#### Data supplied
-- -- --
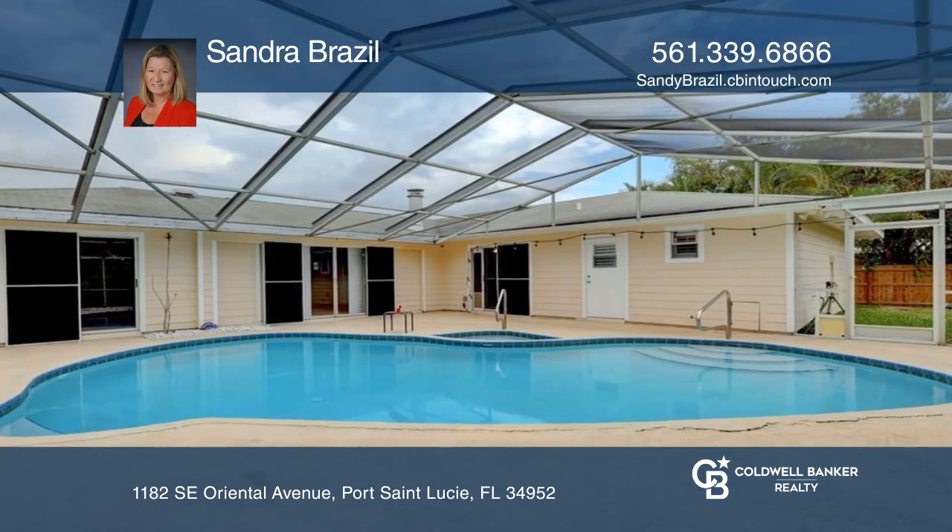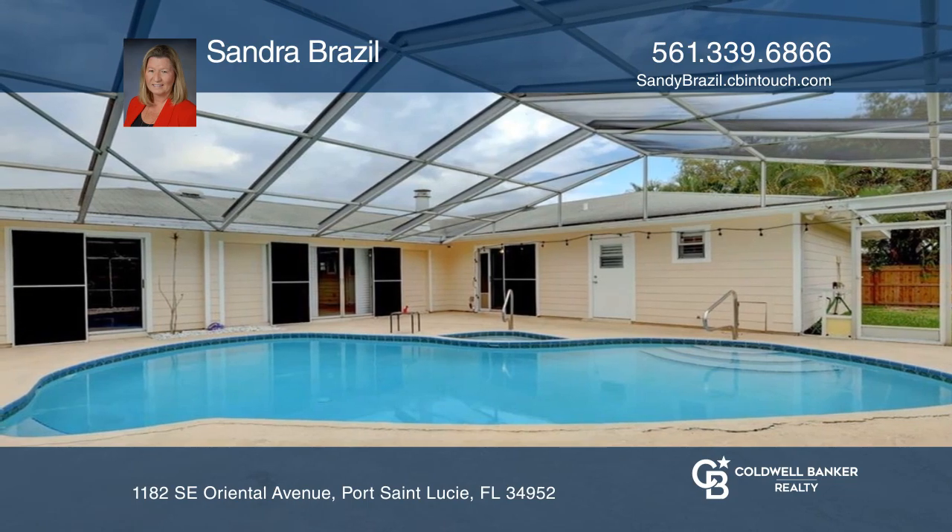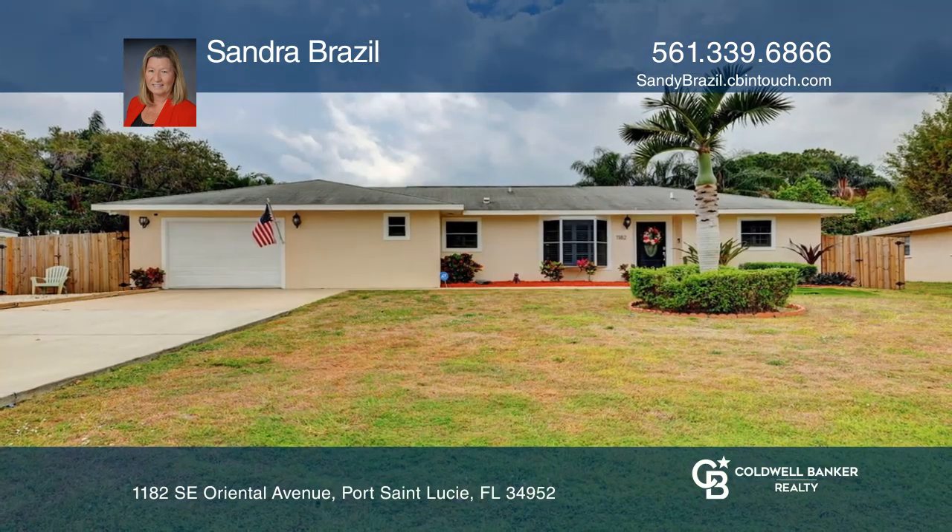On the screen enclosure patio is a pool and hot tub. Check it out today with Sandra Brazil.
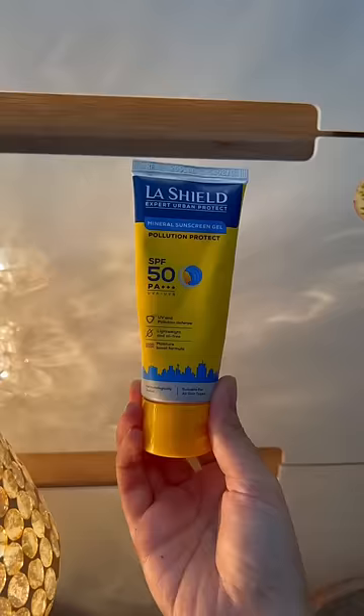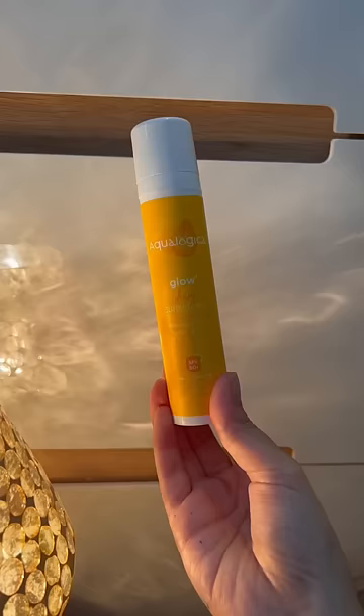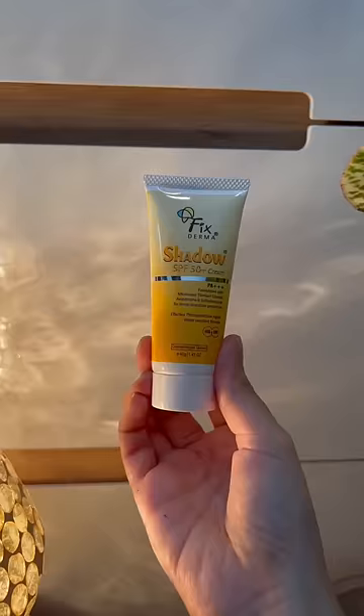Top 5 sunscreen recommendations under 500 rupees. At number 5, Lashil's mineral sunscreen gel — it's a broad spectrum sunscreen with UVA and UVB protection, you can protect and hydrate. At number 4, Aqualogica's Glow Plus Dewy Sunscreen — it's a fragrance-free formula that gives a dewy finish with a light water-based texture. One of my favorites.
-- -- --
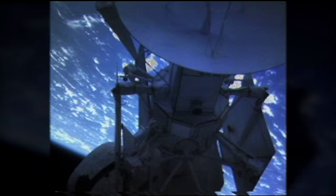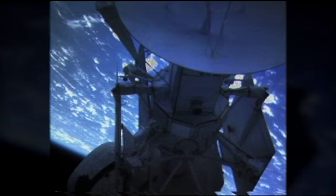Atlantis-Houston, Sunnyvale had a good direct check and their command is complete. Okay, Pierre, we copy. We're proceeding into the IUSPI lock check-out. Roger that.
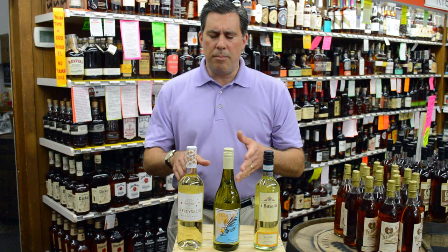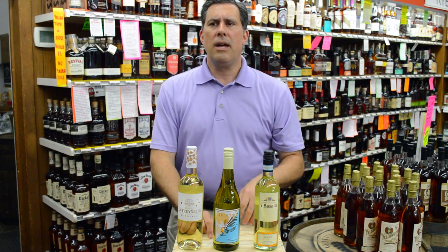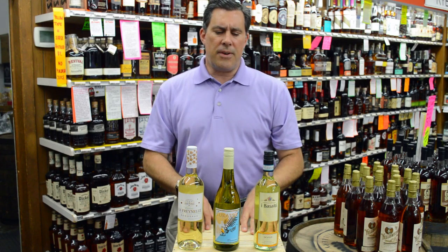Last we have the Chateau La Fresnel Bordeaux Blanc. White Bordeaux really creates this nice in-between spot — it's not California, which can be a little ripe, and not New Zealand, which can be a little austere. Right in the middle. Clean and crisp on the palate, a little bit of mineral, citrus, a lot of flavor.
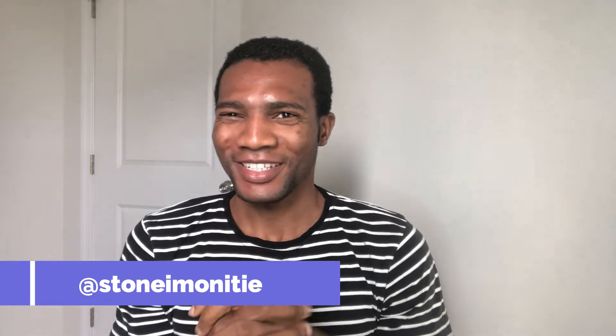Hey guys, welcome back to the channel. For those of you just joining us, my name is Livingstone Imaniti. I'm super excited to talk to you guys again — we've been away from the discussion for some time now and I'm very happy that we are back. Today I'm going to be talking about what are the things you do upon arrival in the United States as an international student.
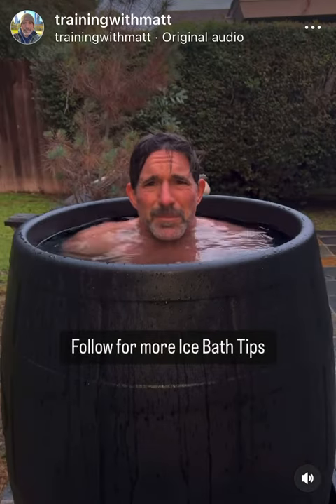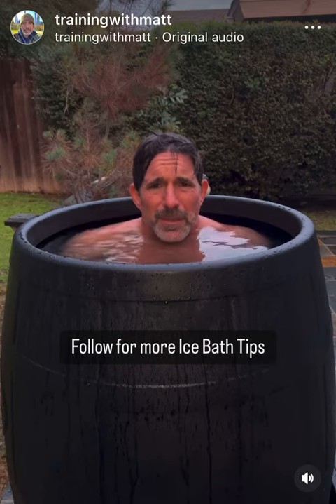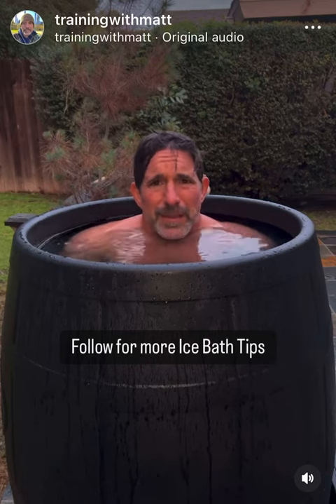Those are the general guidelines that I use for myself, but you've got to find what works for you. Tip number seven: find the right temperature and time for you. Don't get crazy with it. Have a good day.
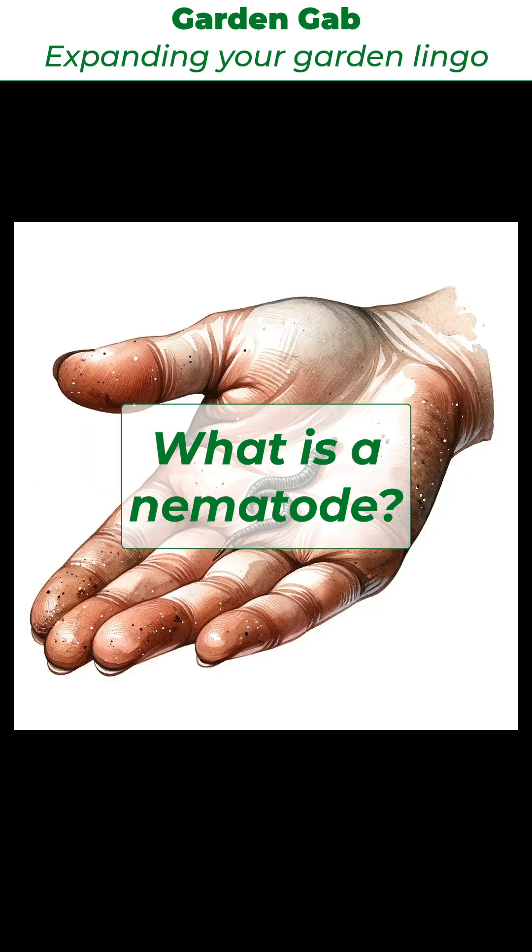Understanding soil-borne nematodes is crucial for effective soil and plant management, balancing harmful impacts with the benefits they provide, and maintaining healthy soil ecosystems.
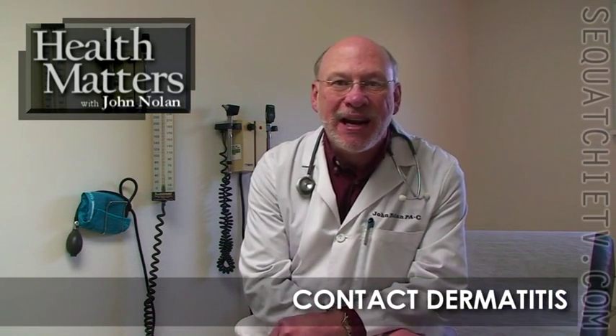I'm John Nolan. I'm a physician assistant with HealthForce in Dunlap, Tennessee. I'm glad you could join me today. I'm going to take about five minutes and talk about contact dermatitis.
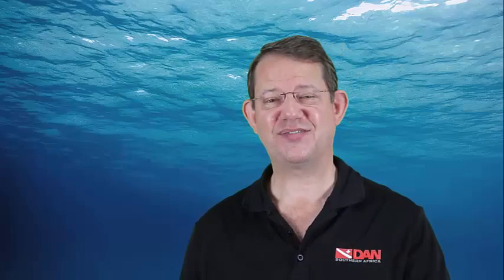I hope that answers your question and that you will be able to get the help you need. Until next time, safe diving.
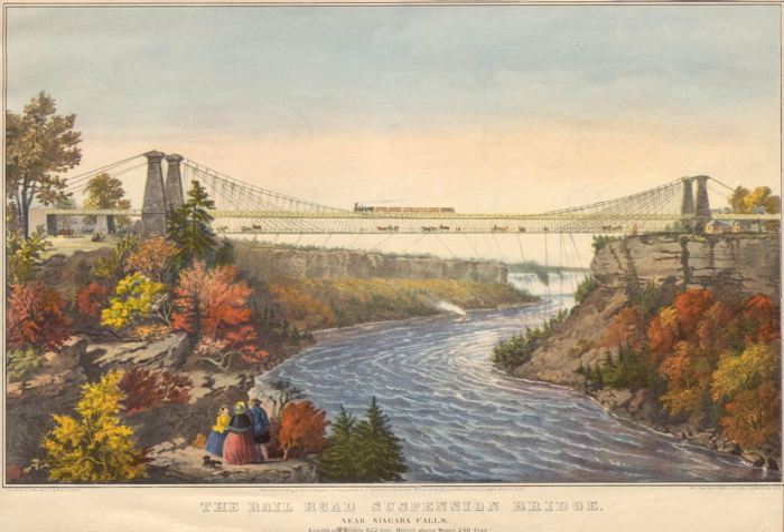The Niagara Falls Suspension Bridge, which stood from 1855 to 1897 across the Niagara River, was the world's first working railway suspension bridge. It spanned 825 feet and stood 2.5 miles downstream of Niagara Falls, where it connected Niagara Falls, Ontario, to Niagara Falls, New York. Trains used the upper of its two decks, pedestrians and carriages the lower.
-- -- --
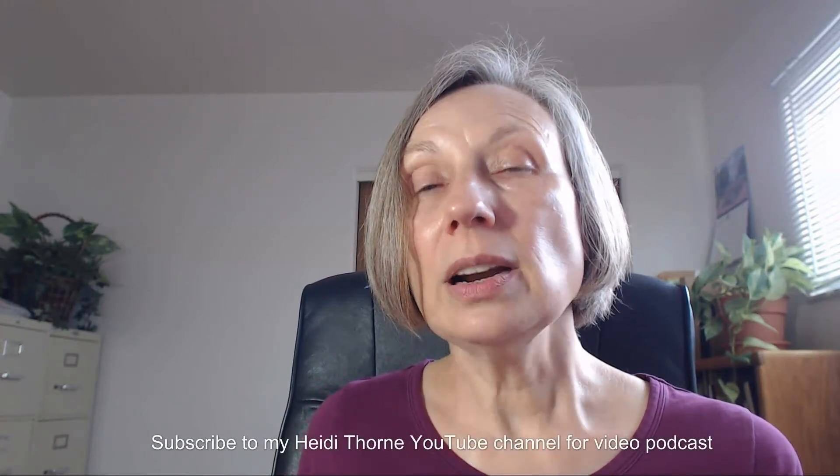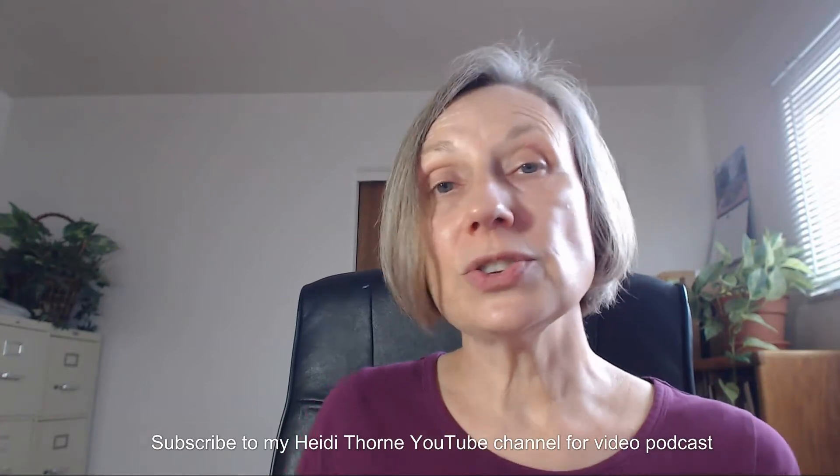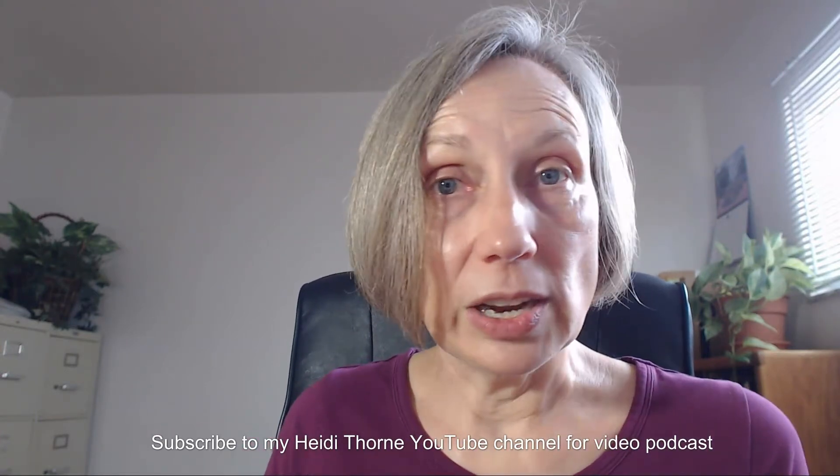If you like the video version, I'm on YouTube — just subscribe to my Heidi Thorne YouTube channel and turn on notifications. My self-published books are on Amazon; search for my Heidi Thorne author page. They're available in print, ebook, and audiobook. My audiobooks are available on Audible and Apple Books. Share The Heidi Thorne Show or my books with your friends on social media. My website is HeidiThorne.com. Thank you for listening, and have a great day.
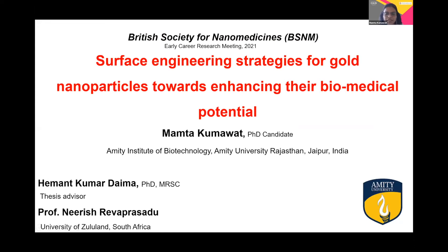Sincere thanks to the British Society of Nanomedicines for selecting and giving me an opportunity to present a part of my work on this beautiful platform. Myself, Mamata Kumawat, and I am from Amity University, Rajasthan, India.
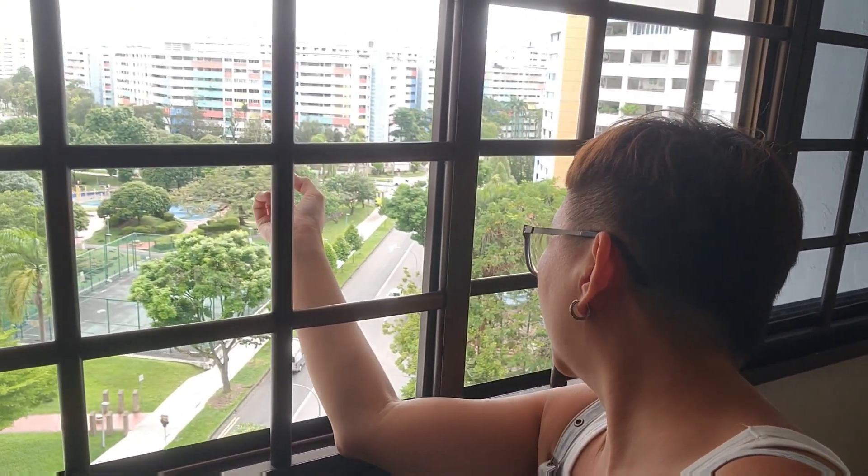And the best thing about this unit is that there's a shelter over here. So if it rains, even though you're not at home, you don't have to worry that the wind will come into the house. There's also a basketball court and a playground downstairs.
-- -- --
#### About this task
Look above for the line with "Sincere thanks to"; quote it and every line after it, stopping after the line with "And the best", exactly, with nothing added and without pictures.

#### Answer to this problem
Sincere thanks to the British Society of Nanomedicines for selecting and giving me an opportunity to present a part of my work on this beautiful platform. Myself, Mamata Kumawat, and I am from Amity University, Rajasthan, India.
And the best thing about this unit is that there's a shelter over here. So if it rains, even though you're not at home, you don't have to worry that the wind will come into the house. There's also a basketball court and a playground downstairs.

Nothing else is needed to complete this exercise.